2022.10.29
# 宗教 # 週刊現代

【インタビュー】僧侶・釈徹宗が「宗教ってあなどれない」と実感した、広島、バチカン、エルサレムのこと

週刊現代 プロフィール

広島という「聖なる場所」

長男なのでお寺を継ぐことに迷いはなかったんですけど、先のことだと思っていました。

ところが、高校1年の時に祖父が亡くなったんです。当時の如来寺は、田舎のお寺ならではの法要・法事が多く、一日も早く僧侶として立たなければいけなくなりました。

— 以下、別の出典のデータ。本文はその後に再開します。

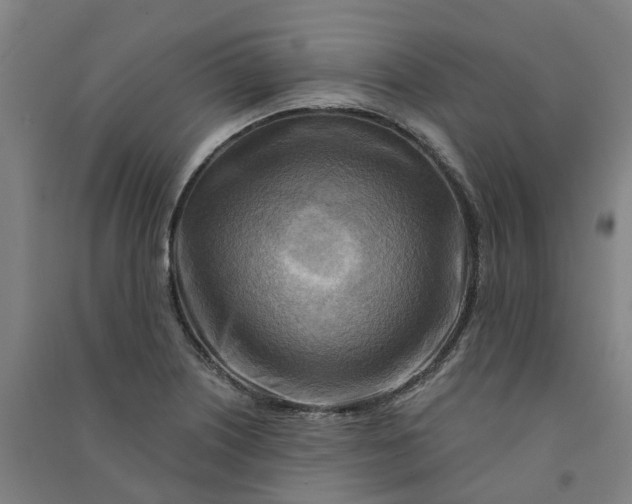 X0000090931226200708201821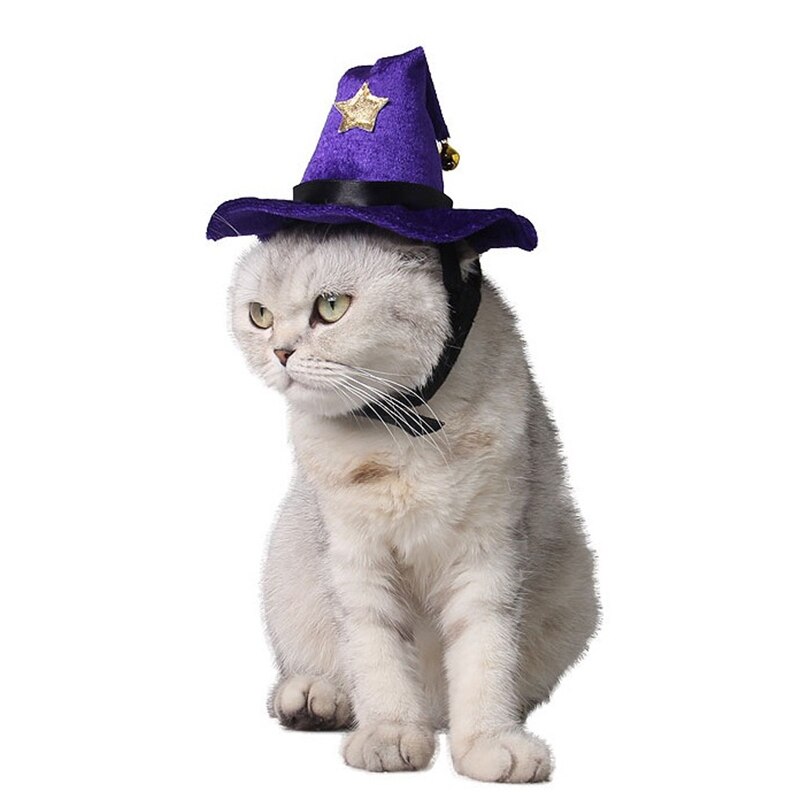 Halloween heks hat kat tilbehør sjov kasket til små hunde hvalp påklædning fest dekorationer kæledyrsprodukter forsyninger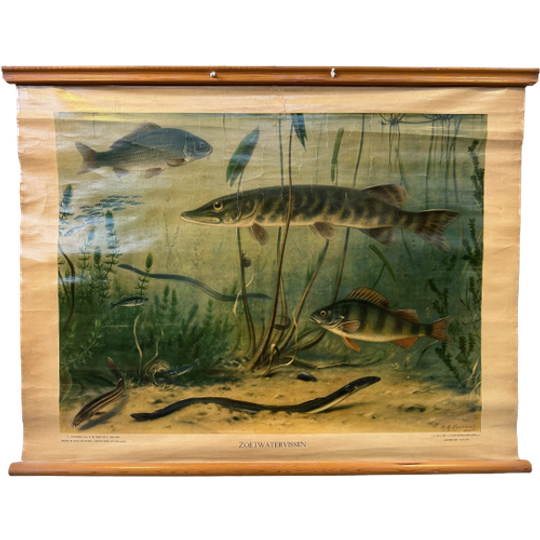 Vintage Linnen Schoolkaart – Zoetwatervissen 1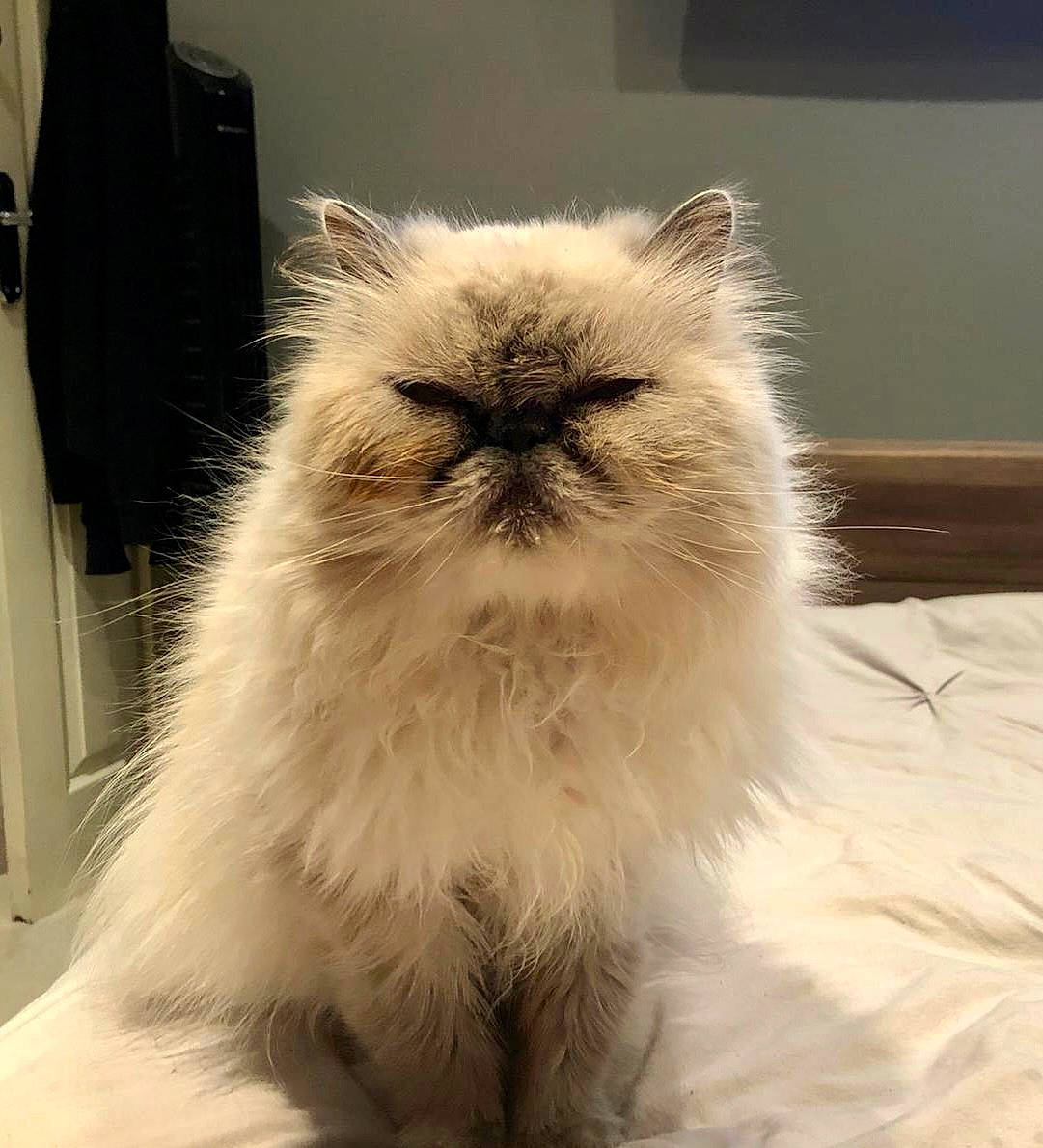Booboo is registered to the contest to win money with this photo: birman, british_longhair, carnivore, cat, fawn, felidae, fur, persian, plant, small_to_medium_sized_cats, snout, terrestrial_animal, whiskers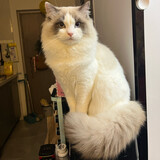 shushizhenliuのhuukou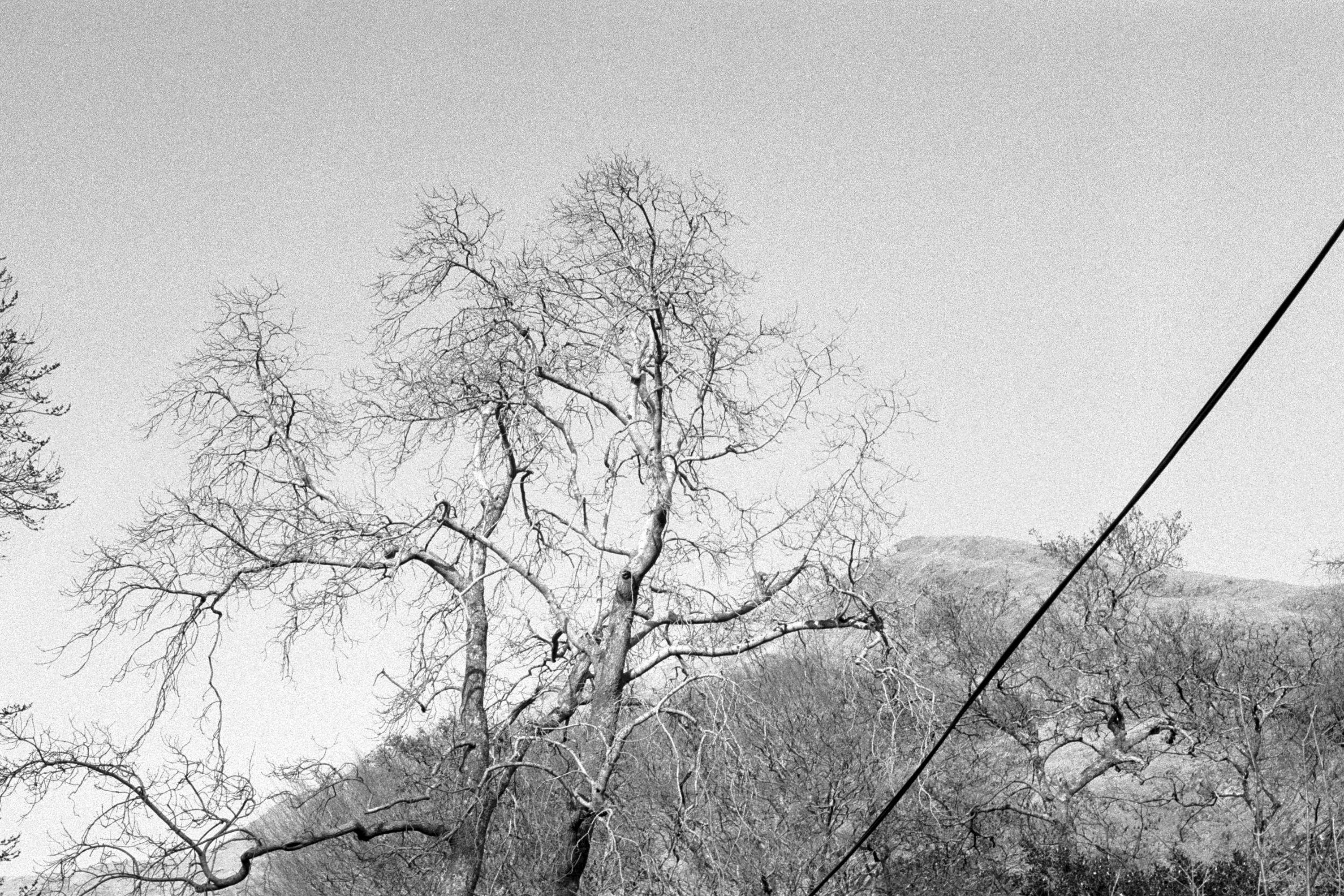 CHRISTOPHER STEENSON 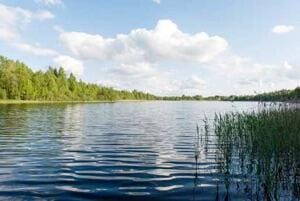 1270 Lakeview Dr Unit 11, China, ME 04358 - water view with a heavily wooded area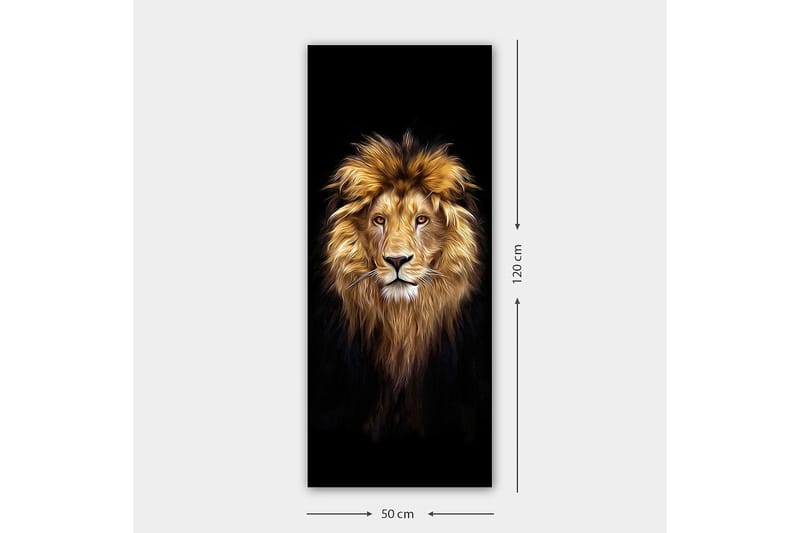 Canvastavla DKY Animals Flerfärgad - 50x120 cm - Inredning - Tavlor & posters - Canvastavla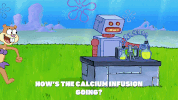 episode 1 GIF by SpongeBob SquarePants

そこで専門に浄土真宗を学べる龍谷大学に入学したものの、お寺の手伝いを優先して、学校はあまり行ってませんでした。今思えば、非常に不真面目な学生でしたね。

研究者になるなんて考えもしなかったのに、4回生の時に信楽峻麿(しがらきたかまろ)教授が「キミの卒論は大変面白かった」とほめてくださいました。

それで、「大学院に進みなさい。とりあえず籍を置いとくだけでもいいから」と半ば強引に誘ってくださった(笑)。それで大学院生活がスタートしました。

やり始めると面白くなって、大阪府立大学の大学院に入り直し、花岡永子先生のもとで比較宗教の研究に没頭する日々。信楽先生は広島のお寺のご住職、花岡先生も広島のご出身なので、広島弁を耳にすると今でも有り難い気持ちになりますね。

 

恩師や友人たちに会うためにしょっちゅう行き来していた広島は大変な悲劇を経験した土地だから、行くたびになんとも言えない気持ちになるんです。

エレベーターに乗ると、気圧の変化で被爆三世の友人が耳や鼻から出血するんです。三世でもそうなのかって胸が痛くなっていた時に、水野潤一さんの『しづかに歩いてつかあさい』っていう詩を知ったんです。

この詩は、今は大都会になったけど、かつては死んだ母を想って子がうずくまっていた場所だから、静かに歩いてくださいねっていう詩なんです。

僕らの足の下ではこれまでどれほどの生と死、苦労と喜び、涙と笑い声が紡がれてきたんだろうって考えたら、どの土地もとても愛おしくなって気の持ちようが変わりました。僕はこの詩と広島から「聖なる場所」とのお付き合いの仕方を学んだ気がします。